Free-text object descriptions
<<<<

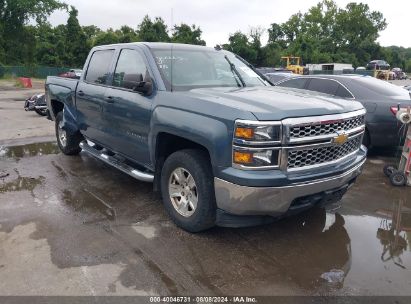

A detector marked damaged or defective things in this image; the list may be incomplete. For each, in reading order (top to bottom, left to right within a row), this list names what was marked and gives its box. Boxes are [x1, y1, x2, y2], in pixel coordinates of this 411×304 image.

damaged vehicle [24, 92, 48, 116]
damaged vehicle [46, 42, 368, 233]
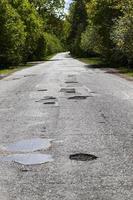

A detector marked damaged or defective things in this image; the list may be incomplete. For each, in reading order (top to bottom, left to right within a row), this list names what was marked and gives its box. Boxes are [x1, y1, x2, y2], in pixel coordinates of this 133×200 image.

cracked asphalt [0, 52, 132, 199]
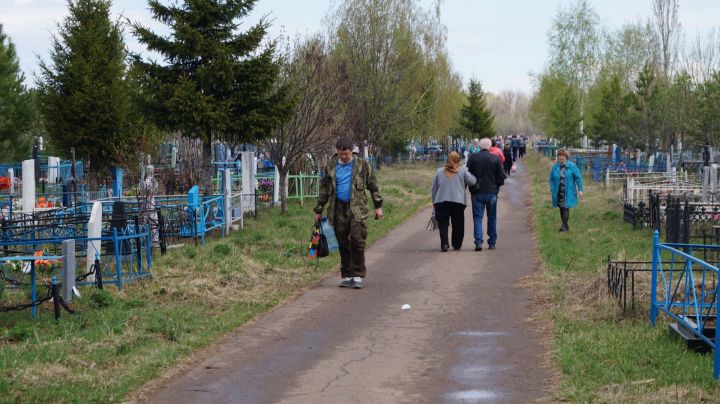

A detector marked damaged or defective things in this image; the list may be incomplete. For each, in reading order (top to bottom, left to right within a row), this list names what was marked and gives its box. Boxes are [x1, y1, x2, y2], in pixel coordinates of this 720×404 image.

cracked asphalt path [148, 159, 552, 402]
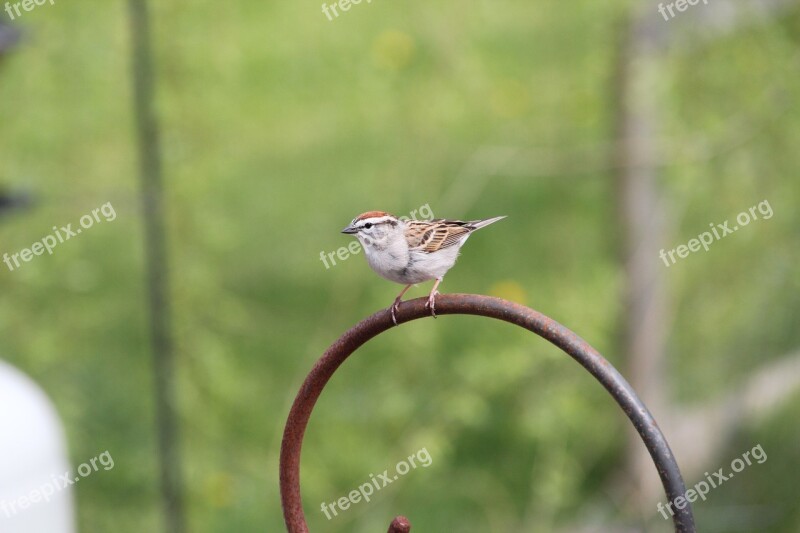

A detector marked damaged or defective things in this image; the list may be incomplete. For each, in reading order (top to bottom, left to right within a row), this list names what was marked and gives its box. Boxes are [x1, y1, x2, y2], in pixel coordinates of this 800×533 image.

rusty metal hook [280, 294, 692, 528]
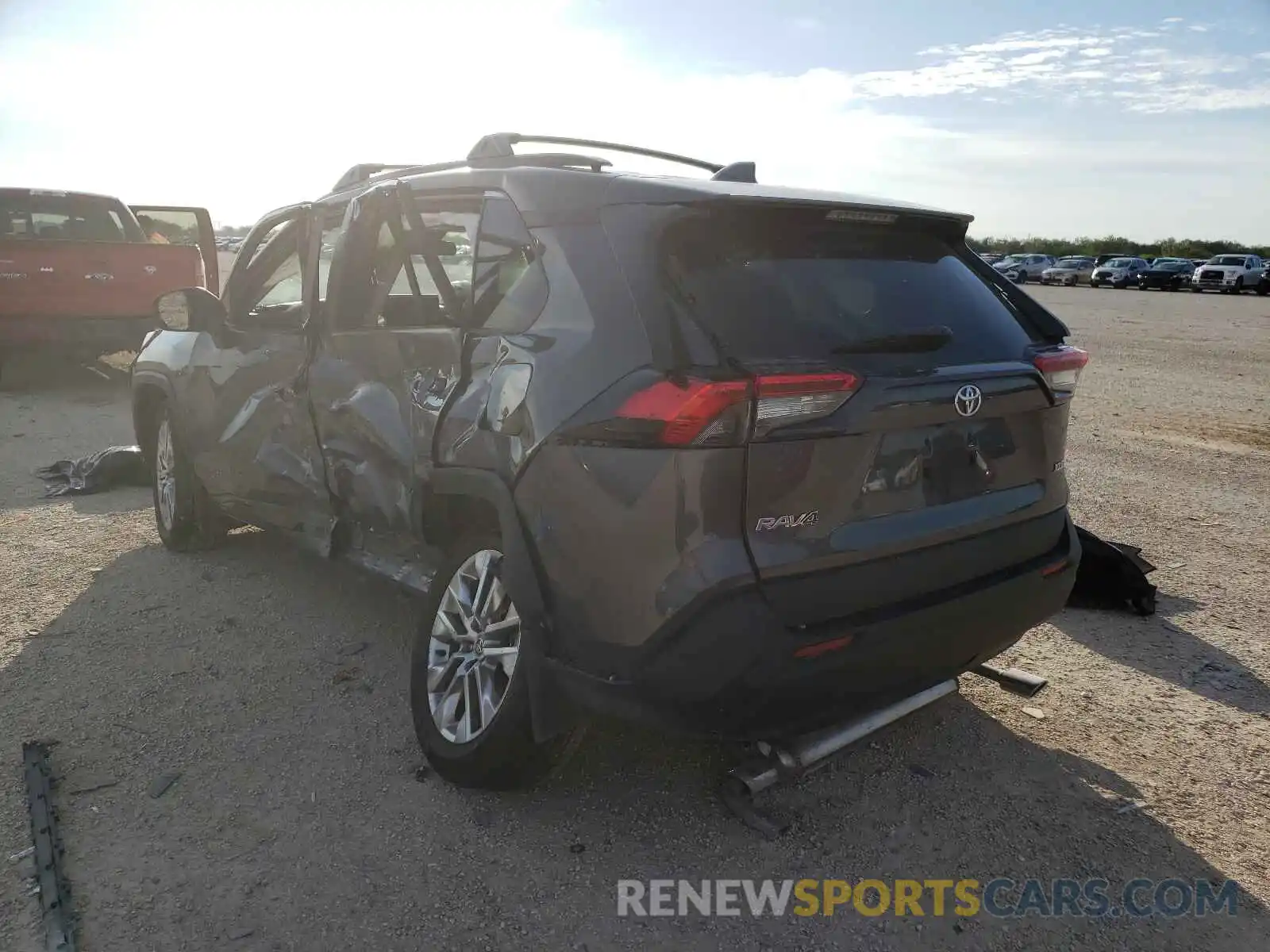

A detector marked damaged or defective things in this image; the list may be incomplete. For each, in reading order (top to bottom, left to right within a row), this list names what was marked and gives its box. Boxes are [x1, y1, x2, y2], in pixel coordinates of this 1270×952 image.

>>>>

YOUR OBJECTIVE
Set down exactly the lines between the line containing "this 720×404 image." and the end of the records above, both ends included; pictures stay out.

SOLUTION TO THIS EXERCISE
A detector marked damaged or defective things in this image; the list may be incomplete. For each, in reading order (top to bottom, left to right within a row), this list names what was marked and gives its box. Boxes are [x1, y1, x2, y2], in pixel coordinates of this 720×404 image.

cracked asphalt path [148, 159, 552, 402]

A detector marked damaged or defective things in this image; the list may be incomplete. For each, in reading order (top to bottom, left to right within a row), this list names what was marked and gives its box. Boxes are [x1, y1, x2, y2], in pixel coordinates of this 800×533 image.

rusty metal hook [280, 294, 692, 528]

A detector marked damaged or defective things in this image; the list may be incomplete. For each, in reading order (top to bottom, left to right within a row), this list names what was marked and gives its box. Boxes are [x1, y1, x2, y2], in pixel coordinates of this 1270×952 image.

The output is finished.